The analog-to-digital conversion module is used for performing analog-to-digital conversion on the reference photocurrent signal and the detection echo photocurrent signal;

A resolving module for respectively calculating frequency components obtained by the beat frequency of the modulated reference light signal and the detected echo light signal in a digital domain, and

And the phase difference between the corresponding frequency components of the reference photocurrent signal and the detected echo photocurrent signal is deblurred by using a time phase method, so that the accurate spatial distance of the link to be detected is obtained.
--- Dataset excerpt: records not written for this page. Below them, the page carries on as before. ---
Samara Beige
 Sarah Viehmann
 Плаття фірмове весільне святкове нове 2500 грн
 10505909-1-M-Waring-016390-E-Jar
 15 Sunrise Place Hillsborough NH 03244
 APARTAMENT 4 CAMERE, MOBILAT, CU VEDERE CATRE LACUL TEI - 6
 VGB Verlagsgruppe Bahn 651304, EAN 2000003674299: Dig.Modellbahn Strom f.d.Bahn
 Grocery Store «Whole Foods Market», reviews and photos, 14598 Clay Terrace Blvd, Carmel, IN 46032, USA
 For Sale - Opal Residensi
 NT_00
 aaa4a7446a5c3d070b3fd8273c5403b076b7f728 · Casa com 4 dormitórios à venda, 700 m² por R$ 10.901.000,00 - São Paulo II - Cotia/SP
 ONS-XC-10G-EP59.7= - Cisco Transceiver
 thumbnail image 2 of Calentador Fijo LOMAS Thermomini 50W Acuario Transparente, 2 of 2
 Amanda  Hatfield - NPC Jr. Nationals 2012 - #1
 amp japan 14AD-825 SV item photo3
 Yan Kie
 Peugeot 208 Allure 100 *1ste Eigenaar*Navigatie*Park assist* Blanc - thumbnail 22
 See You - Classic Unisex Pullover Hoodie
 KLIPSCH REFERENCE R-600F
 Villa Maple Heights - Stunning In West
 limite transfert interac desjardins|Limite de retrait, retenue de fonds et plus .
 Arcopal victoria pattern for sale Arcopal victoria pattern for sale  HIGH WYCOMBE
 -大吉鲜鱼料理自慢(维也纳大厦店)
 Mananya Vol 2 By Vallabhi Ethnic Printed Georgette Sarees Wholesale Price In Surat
8. The single optical frequency comb-assisted laser phase pitch device of claim 7, wherein the signal acquisition module comprises:

The optical frequency comb source is used for generating an optical frequency comb signal;

the optical switch is connected with the optical frequency comb and is used for gating the optical frequency comb signal locked by the repetition frequency;

and the coupler is connected with the optical switch and is used for dividing the optical frequency comb signal after gating into the reference optical signal and the detection optical signal.

9. The single optical frequency comb aided laser phase pitch device of claim 8 further comprising a microwave source, a reference input of said microwave source being connected to said optical frequency comb source and said optical switch, an output of said microwave source being connected to said intensity modulation module.

10. The single optical frequency comb aided laser phase pitch estimation device of claim 9, wherein time synchronization lock between said signal acquisition module, said microwave source, said analog to digital conversion module, and said resolution module.